1MDB, which owns property and energy assets and whose advisory board is chaired by Malaysian Prime Minister Najib Razak, has been dogged with controversy over nearly 42 billion ringgit ($11.5 billion) in debt and alleged financial mismanagement.
Its financial problems have been a burden on state finances and have weighed on the ringgit currency and Malaysia's credit rating.
Najib ordered an audit of 1MDB's accounts by the country's Auditor General earlier this year.
"With respect to 1MDB, a formal enquiry has commenced to examine any contravention of the central bank's rules and legislation," Bank Negara Malaysia said in a statement.
"This has involved the issuance of a legal directive requiring information from the entity," it said.

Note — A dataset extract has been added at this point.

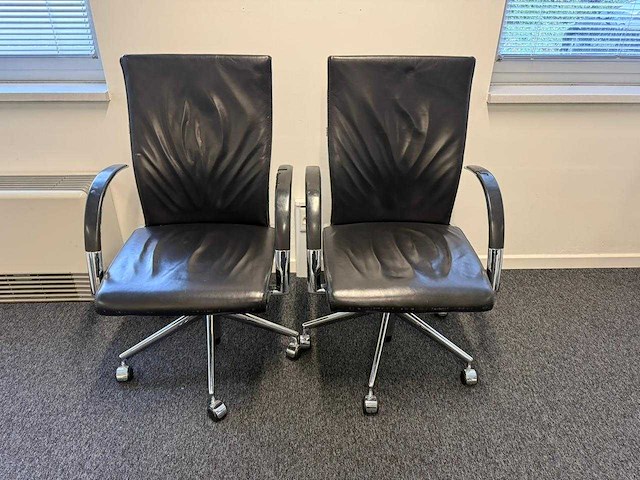 Ahrend - desk chair (2x) - afbeelding 1 van  6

The central bank said it has also taken statements from individuals involved in the governance of 1MDB, but did not elaborate.

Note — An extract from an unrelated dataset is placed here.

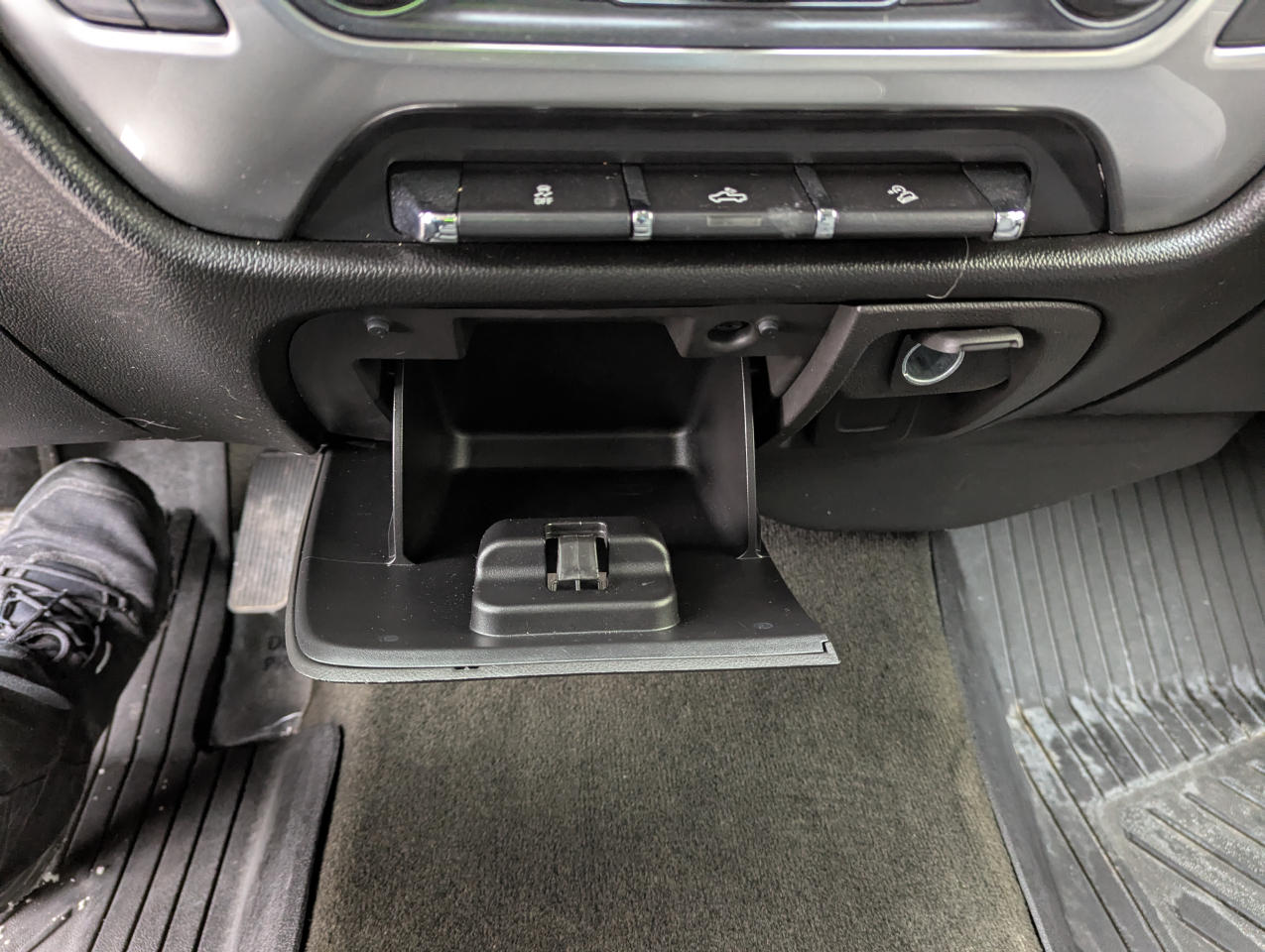 Chevrolet Silverado 1500 4WD Crew Cab 143.5" LT w/2LT 2017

Malaysia's finance ministry said it was within the central bank's jurisdiction to request the information on 1MDB's transactions.

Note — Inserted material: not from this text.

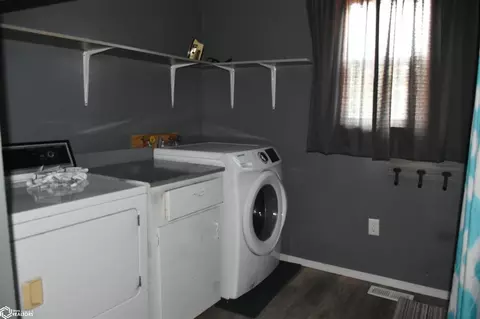 Other - 702 12th Ave, Eldora, IA 50627 photo 3 of 8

"If it involves banks overseas, based on international protocols, they (central bank) can ask for information," deputy finance minister Ahmad Husni Mohamad Hanadzlah said in a televised interview late on Wednesday. "We are open enough."
The central bank's move comes just weeks after the Monetary Authority of Singapore (MAS) said it was in touch with Malaysia's regulators over an investigation into the fund.
Bank Negara said it had forwarded information from foreign authorities to the relevant investigation agencies.
Failure to meet its request for information from the board and the management could result in a fine of up to 50 million ringgit or up to 10 years in prison or both, it said.
The bank said it launches a formal investigation when money approved by the bank was not used for the purpose indicated or when false information is provided, or if there was a failure to comply with the conditions of approval.
1MDB President and Group Executive Director, Arul Kanda, said the fund would fully cooperate with Bank Negara.
"1MDB will extend its full cooperation to Bank Negara Malaysia and we look forward to this matter reaching a swift conclusion," Arul said in a statement.
Earlier on Wednesday, 1MDB released details of its 42 billion ringgit debt, to counter allegations that some of the funds were missing.
In a statement breaking out the expenditure, 1MDB said that about 18 billion ringgit was spent on the purchase of independent power plants (IPP) and about 15.4 billion ringgit went into investment funds. It spent about 1.7 billion ringgit to purchase land assets and 5.8 billion ringgit was listed as financial expenditure.
The company said it holds about 900 million ringgit in surplus cash.
1MDB completed a strategic review of its operations earlier this year and said it planned to sell assets and development rights in prime property projects to cut debt. It is said to be planning an initial public offering for its energy unit.